One way to head off potential problems is to limit the access applications have to your phone's functions. For example, some games require access to your Internet connection so that they can compare your scores to those of other players. But many applications don't need this capability, and if you find that one of those apps does have access to your connection, it could be a sign that something is amiss.

Smart phones running on the Android operating system or the BlackBerry system allow you to limit the amount of access an application has. You simply head to your Settings menu and choose Application. You can then look at each application to see which phone functions it has access to, and deny it access to any that don't seem necessary.

Losing It

One sure way to give strangers access to your phone is to lose it. And of course theft is another concern. If you have sensitive data on the device, make sure you have a way to remotely erase the contents—and that you know how to do it. Most corporate phones have the ability, as do iPhones, BlackBerrys and Windows Mobile phones.

If your phone doesn't have the capability, SMobile offers a program that allows you to remotely back up data and wipe the device clean. The company charges $20 a year for the software, which works with most smart phones.

A password is another simple measure that can go a long way toward deterring common thieves from gleaning anything from your phone. All smart phones have the ability to create a password built in. For BlackBerrys, simply go to the Security Options under Settings to turn on the password. Similarly, iPhones have the option in the Settings menu.

For extra security, you can set up additional passwords for other actions, such as accessing email or downloading a program. That can also be done in the Settings menu. BlackBerrys have the option to encrypt data on the media storage card so it can only be read on that phone. Simply go to the Media Card menu under Settings to activate the encryption.

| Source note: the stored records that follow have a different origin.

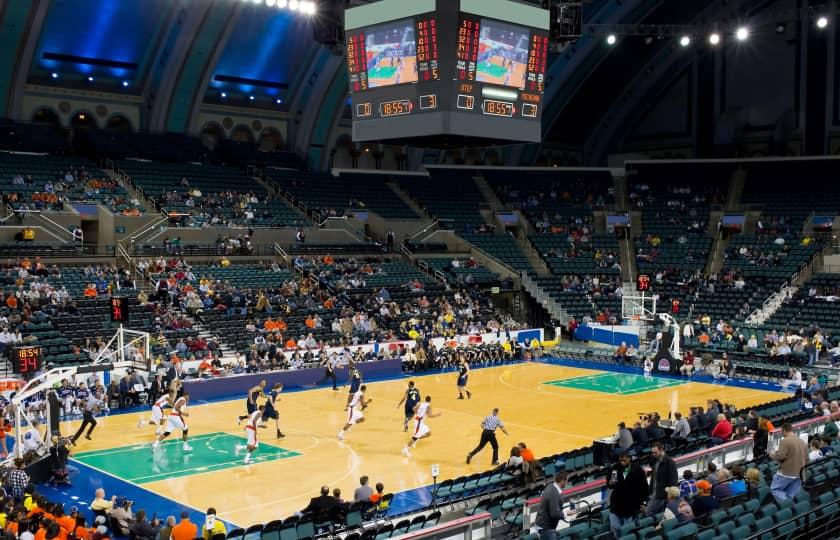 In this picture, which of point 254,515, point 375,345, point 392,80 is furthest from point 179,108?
point 254,515

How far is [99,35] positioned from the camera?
44.1 m

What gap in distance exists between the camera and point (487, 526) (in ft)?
46.5

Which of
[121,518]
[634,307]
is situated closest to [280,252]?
[634,307]

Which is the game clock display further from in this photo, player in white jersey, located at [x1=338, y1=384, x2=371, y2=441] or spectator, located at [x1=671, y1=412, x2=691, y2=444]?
spectator, located at [x1=671, y1=412, x2=691, y2=444]

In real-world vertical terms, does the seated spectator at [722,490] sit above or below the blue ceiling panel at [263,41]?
below

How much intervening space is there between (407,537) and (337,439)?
11623 millimetres

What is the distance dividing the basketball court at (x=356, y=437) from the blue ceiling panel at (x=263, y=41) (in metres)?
20.8

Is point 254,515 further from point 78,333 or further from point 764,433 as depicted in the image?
point 78,333

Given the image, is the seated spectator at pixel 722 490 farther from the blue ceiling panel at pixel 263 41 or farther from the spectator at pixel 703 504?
the blue ceiling panel at pixel 263 41

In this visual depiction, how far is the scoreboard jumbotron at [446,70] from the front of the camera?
21047 mm

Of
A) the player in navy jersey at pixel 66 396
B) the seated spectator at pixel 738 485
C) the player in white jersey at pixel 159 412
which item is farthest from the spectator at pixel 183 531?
the player in navy jersey at pixel 66 396

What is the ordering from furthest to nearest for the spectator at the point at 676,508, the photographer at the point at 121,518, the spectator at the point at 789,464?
the photographer at the point at 121,518 < the spectator at the point at 789,464 < the spectator at the point at 676,508

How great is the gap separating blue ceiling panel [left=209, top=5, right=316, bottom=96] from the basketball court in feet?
68.2

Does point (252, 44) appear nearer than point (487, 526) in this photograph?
No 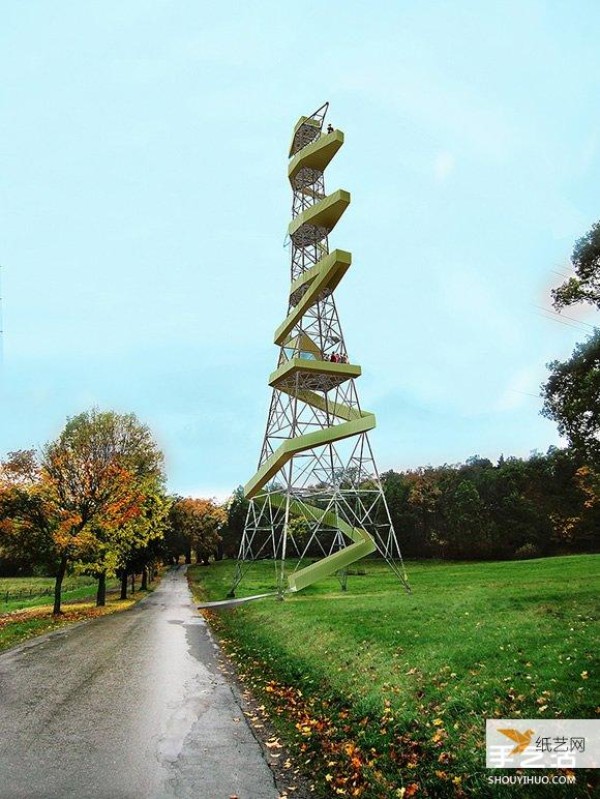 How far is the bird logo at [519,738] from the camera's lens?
17.8 ft

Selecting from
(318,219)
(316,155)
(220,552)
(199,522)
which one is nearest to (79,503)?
(318,219)

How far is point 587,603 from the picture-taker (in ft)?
41.4

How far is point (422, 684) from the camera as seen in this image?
768cm

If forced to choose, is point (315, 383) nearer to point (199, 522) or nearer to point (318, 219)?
point (318, 219)

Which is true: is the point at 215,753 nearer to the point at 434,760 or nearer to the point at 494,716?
the point at 434,760

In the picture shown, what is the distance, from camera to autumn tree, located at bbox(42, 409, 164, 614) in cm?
2339

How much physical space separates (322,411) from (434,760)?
21.9m

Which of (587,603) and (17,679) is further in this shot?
(587,603)

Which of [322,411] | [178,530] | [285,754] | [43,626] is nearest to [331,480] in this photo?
[322,411]

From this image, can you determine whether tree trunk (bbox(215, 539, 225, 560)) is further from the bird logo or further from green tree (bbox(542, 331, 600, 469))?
the bird logo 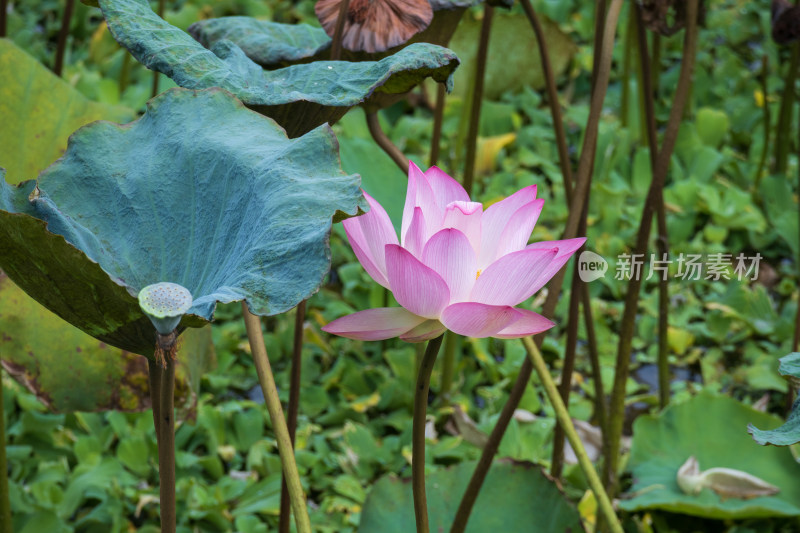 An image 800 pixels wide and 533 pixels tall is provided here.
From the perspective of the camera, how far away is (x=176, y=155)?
1.97 ft

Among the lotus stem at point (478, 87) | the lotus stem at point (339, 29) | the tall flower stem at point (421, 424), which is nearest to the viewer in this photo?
the tall flower stem at point (421, 424)

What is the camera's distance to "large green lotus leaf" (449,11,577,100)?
2236mm

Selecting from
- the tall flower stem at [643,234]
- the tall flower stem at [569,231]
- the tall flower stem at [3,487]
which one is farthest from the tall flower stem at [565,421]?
the tall flower stem at [3,487]

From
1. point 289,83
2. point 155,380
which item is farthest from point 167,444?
point 289,83

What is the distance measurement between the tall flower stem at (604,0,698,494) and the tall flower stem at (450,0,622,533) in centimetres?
10

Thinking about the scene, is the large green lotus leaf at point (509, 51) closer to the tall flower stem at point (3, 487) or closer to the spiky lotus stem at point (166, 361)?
the tall flower stem at point (3, 487)

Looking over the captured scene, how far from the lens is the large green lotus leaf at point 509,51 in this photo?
2236mm

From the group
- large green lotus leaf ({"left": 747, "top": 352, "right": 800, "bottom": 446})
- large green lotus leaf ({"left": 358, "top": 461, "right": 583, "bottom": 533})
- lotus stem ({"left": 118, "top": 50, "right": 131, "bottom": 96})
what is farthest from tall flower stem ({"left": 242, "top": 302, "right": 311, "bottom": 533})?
lotus stem ({"left": 118, "top": 50, "right": 131, "bottom": 96})

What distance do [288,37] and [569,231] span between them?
359mm

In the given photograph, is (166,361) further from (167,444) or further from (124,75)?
(124,75)

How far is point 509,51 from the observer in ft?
7.60

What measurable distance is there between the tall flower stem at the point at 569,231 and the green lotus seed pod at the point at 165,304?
415 millimetres

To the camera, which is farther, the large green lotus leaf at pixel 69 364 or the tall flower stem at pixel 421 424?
the large green lotus leaf at pixel 69 364

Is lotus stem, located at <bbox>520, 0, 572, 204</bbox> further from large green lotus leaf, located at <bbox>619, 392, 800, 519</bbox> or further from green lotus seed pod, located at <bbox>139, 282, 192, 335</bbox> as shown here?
green lotus seed pod, located at <bbox>139, 282, 192, 335</bbox> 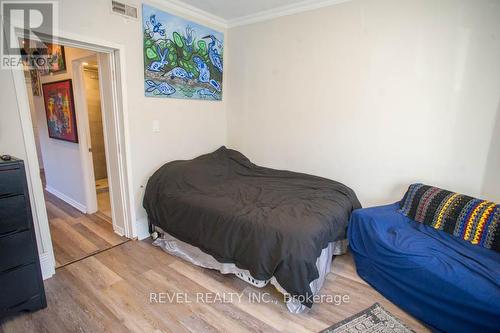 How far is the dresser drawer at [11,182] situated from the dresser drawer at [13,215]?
39mm

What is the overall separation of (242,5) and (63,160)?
3196mm

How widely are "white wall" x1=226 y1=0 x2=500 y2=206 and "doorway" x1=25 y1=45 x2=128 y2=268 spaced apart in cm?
184

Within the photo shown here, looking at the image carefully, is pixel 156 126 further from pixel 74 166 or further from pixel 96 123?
pixel 96 123

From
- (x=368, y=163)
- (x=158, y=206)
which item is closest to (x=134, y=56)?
(x=158, y=206)

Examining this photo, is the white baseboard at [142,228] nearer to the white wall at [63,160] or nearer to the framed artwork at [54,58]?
the white wall at [63,160]

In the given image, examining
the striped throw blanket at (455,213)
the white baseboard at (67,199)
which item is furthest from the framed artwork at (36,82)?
the striped throw blanket at (455,213)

Another easy way to lessen your vulnerability is to limit the amount of personal information on your phone. Don't list your home address, or the personal relationships with your contacts. Also, never place your credit-card or bank account numbers on your phone. There are programs designed to track down the 16-digit credit sequence in electronic devices.

If your phone is lost or stolen and you get it back, be wary of any new applications that have been loaded. If your cellphone is sluggish, take it to the carrier; it might be compromised.

Keep It Down

It's also important, and easy, to shield your phone from prying eyes and ears.

3M Co. makes a thin film called the Mobile Privacy Filter that goes over your screen, making it tough to see what's displayed unless you're directly in front of the phone. It can be found at any office-supply store or online for roughly $10.

Also, try not to discuss sensitive topics in public. It sounds obvious, but people sometimes appear oblivious to those around them as they discuss work or rattle off their name, Social Security number or credit-card account numbers while making purchases or taking care of personal business on the phone.